Replies to a post-outbreak question in the biennial town survey indicated a number of older residents were on edge and looking for more information.
A suggestion to call residents wouldn’t work, since people are urged to only answer calls from numbers they know. Fraudulent calls are rampant, especially when it comes to older residents.
The answer came from the age of Benjamin Franklin: the U.S. mail.
With the Healthy Aging office providing the information, the town of Vail designed postcards containing a lot of facts, along with phone numbers and websites. The town paid to design, print and mail the cards to every registered voter in town who is 60 or older.
In addition to the mail, the town has also offered to use firefighters to pass out the cards during senior shopping hours at the town’s grocery stores.
To help maintain contact, the Healthy Aging office is working to pair volunteers with older residents for help ranging from buying food to a simple “how are you?” phone call.
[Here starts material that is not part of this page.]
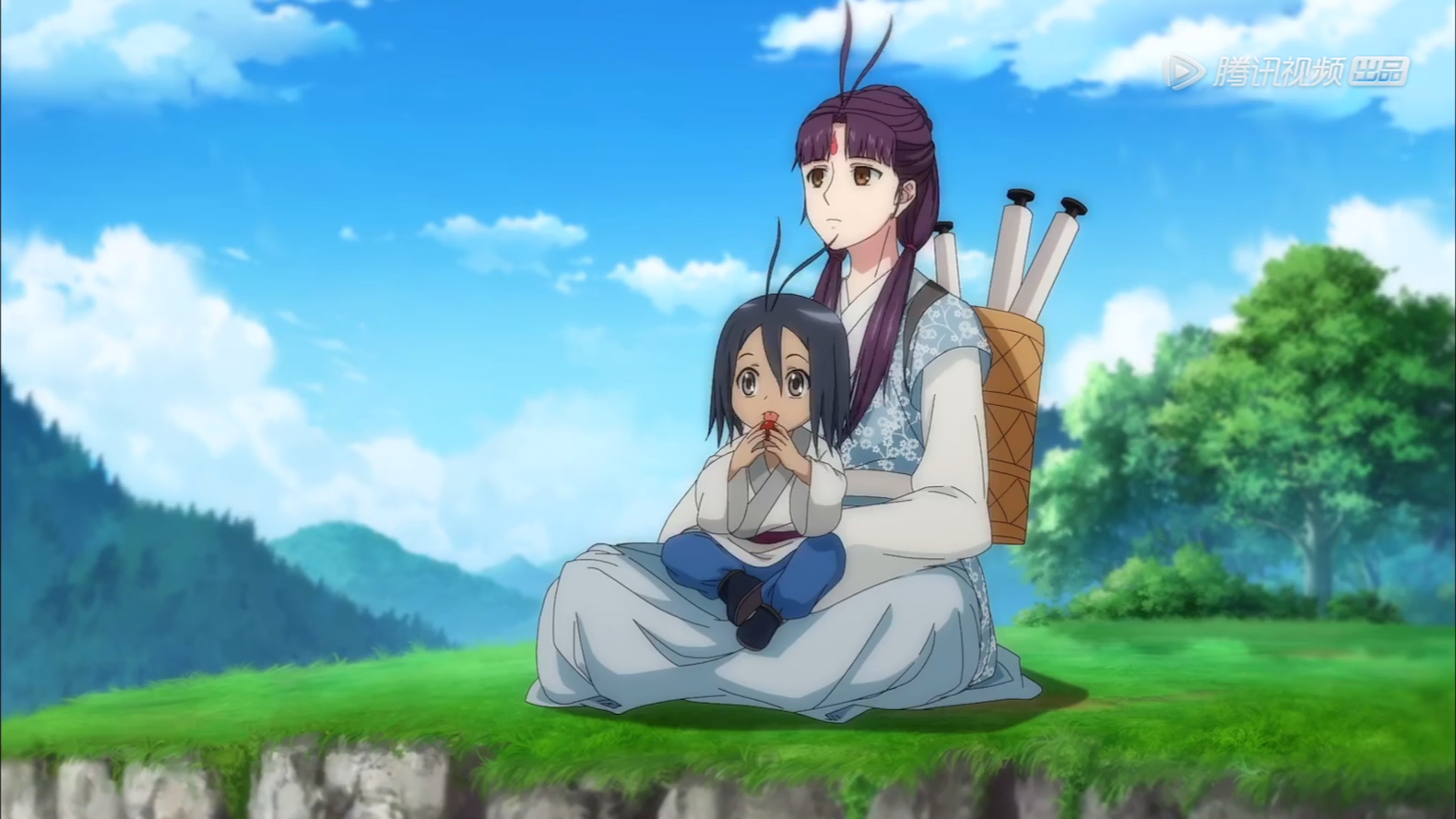 【狐妖小红娘】【东方月初x涂山红红】永恒的记忆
That outreach is spreading beyond Vail. Rietmann said Vail has given permission for other towns and the county to use the postcards as a template.
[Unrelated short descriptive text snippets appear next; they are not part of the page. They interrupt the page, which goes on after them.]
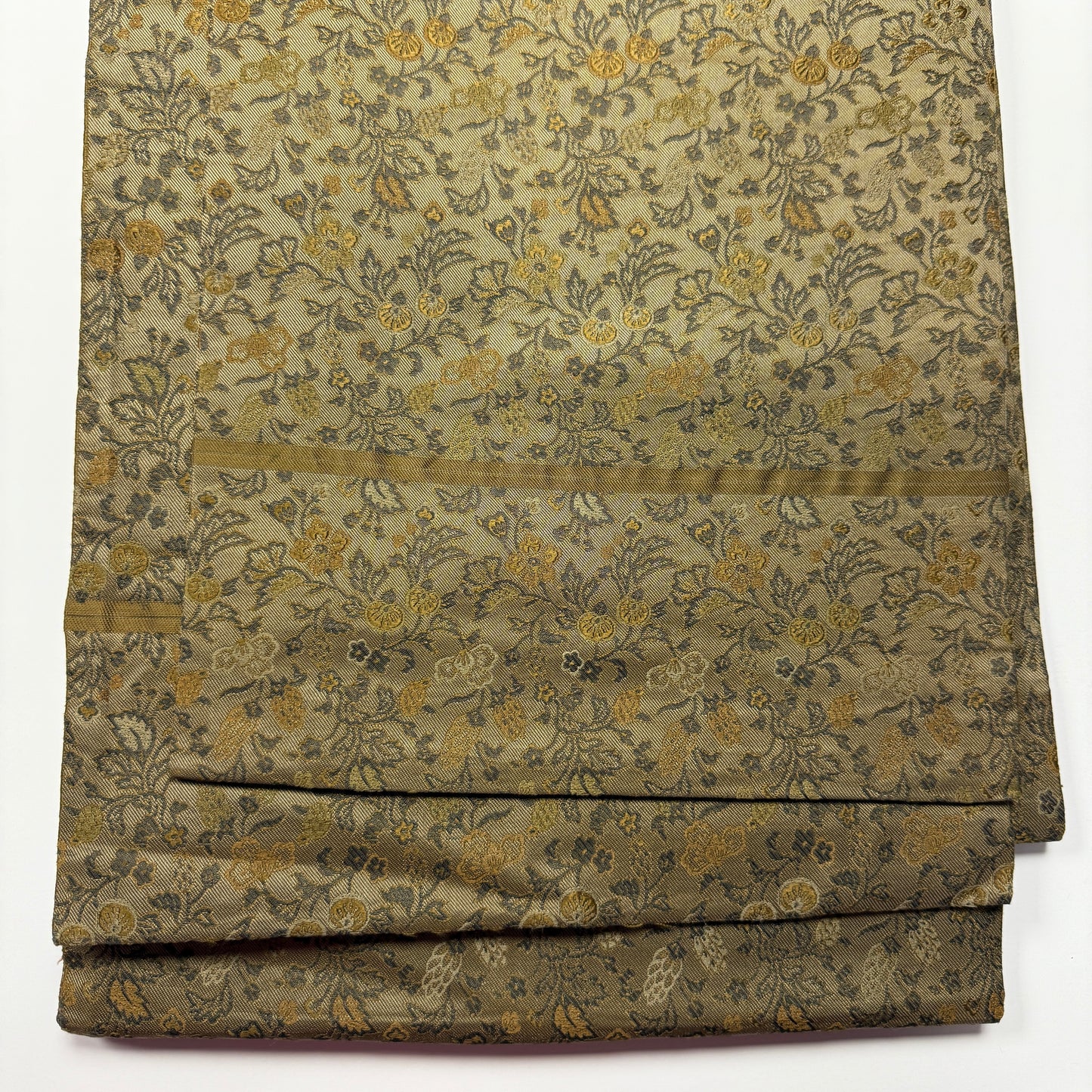 "Shades of Bronze" Maru Obi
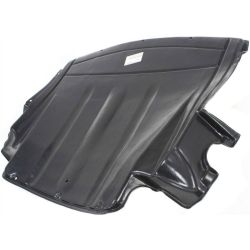 BMW BMW 3( ci ) (COUPE/CONVERTIBLE)  FRONT SPLASH SHIELD (ENG UNDER CVR)(CONV) OEM#51718268344 2000-2006 PL#BM1228113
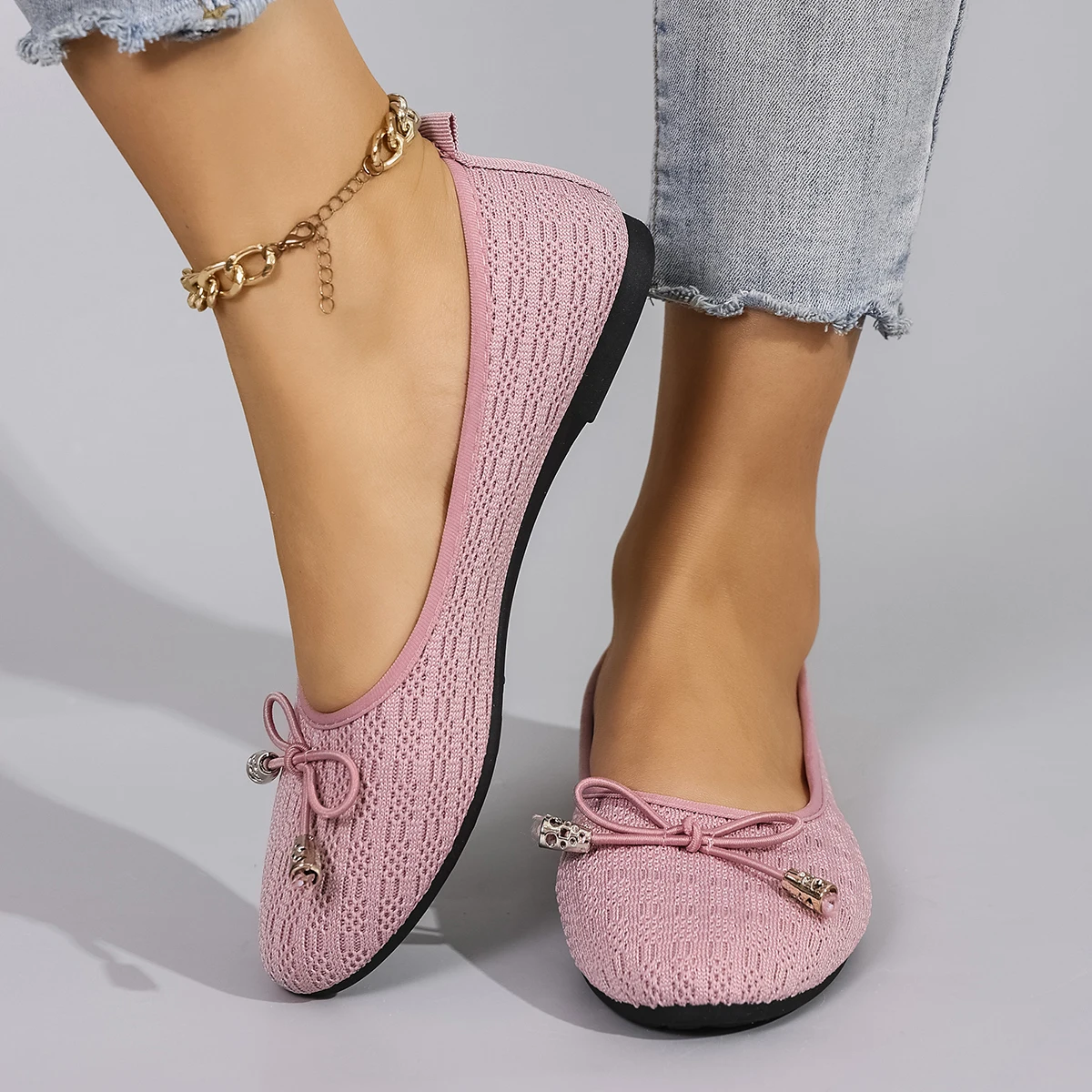 أحذية نسائية صيفية مسطحة من القماش الشبكي قابلة للتنفس، أحذية نسائية كاجوال، أحذية رياضية، تخفيضات، شحن مجاني أحذية نسائية صيفية مسطحة من القماش الشبكي قابلة للتنفس، أحذية نسائية كاجوال، أحذية رياضية، تخفيضات، شحن مجاني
“We want to make sure people know we’re here to help,” Rietmann said.
Some of that help includes lunches. The Healthy Aging office is still providing lunches in Minturn and Eagle, but meals are now being delivered or picked up. Eagle County Schools has also expanded its weekday sack-lunch pickup program to include older residents.
In addition to food, the Healthy Aging office is also working to provide other resources to help people stay comfortable at home and is working to match volunteers with residents.
It isn’t just younger people who have reached out to volunteer to help.
“We’re seeing an amazing outreach of seniors to seniors,” Nolan said. “It’s really an amazing community.”